Flashback 1999: World’s Biggest TV!

Nineteen years ago this month, Sound & Vision had just published its fifth issue. The cover featured the “world’s biggest TV” — an 80-inch Mitsubishi rear-projection TV that was positively huge by today’s skinny-TV standards.

At $10,000, the Mitsubishi VS-80803 was also enormously expensive and required the use of a $3,000 outboard decoder. Add to that a screen with a then-standard 4:3 aspect ratio! Hello zoom. Hello black bars.

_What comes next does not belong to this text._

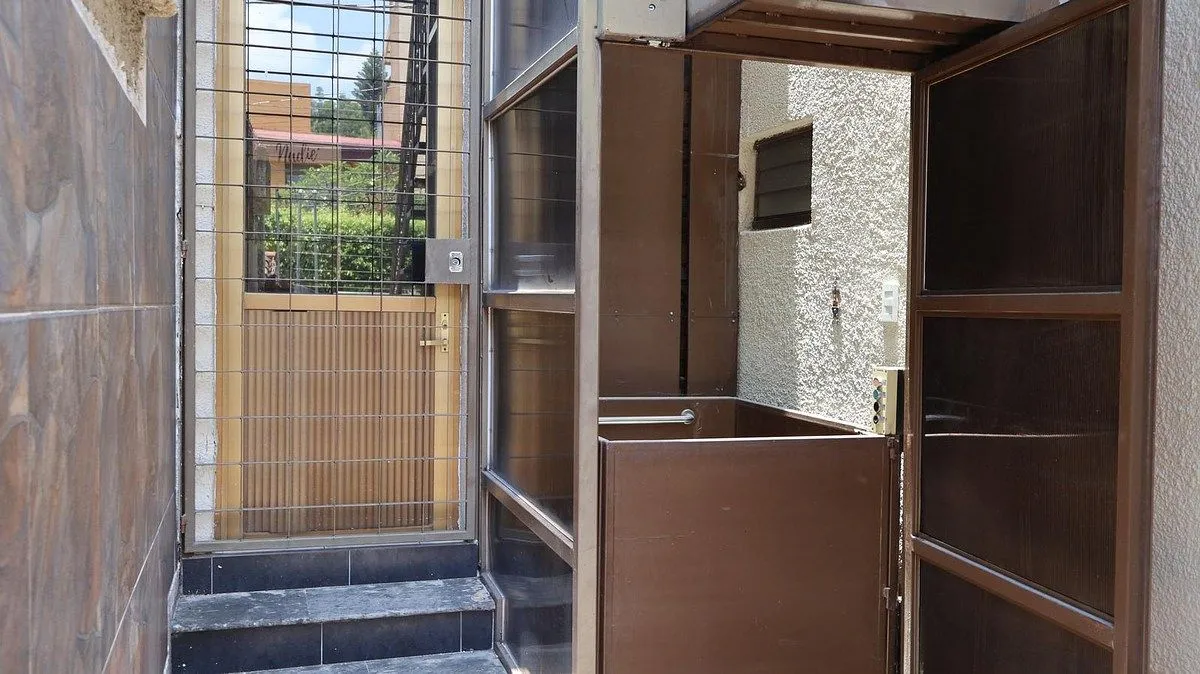 Foto 2 de Casa en Venta, Col. Ladron de Guevara, Guadalajara, Jalisco.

Addressing the set’s squarish 4:3 screen, reviewer Al Griffin wrote:

I know what you’re thinking: a 4:3 screen on a digital (DTV) set? Isn’t the 16:9 widescreen format mandated by the new DTV standard? According to the Consumer Electronics Manufacturer’s Association (CEMA), the answer is no — as long as the set can display a 16:9 image at the standard’s minimum resolution. Mitsubishi went several steps further in this case. When the VS-80803 is connected to the company’s HD-1080 high-definition decoder ($3,000), the set can still put up a 1080i-format letterboxed 16:9 image that measures a healthy 73 inches diagonal…”
The TV was so big that Griffin joked he was about to “leave the set in its carton and score out a hole large enough that we could view the screen.”

So, how’d it perform?

Griffin was blown away by the quality of the high-definition broadcast of CBS’s 48 Hours. “I was startled at how lifelike the show looked,” he wrote noting that it was considerably more detailed than the programs stored on the Sencore HDTV player S&V reviewers routinely used in those early days of HDTV when high-def programming was scarce. “The quality didn’t quite equal that of a $35,000 front-projection system I’d recently brushed against, but it was still very satisfying. Details such as skin textures or the ornate patterns of fixtures in the Trump Towers suite from which Dan Rather was hosting the show were extremely realistic looking.”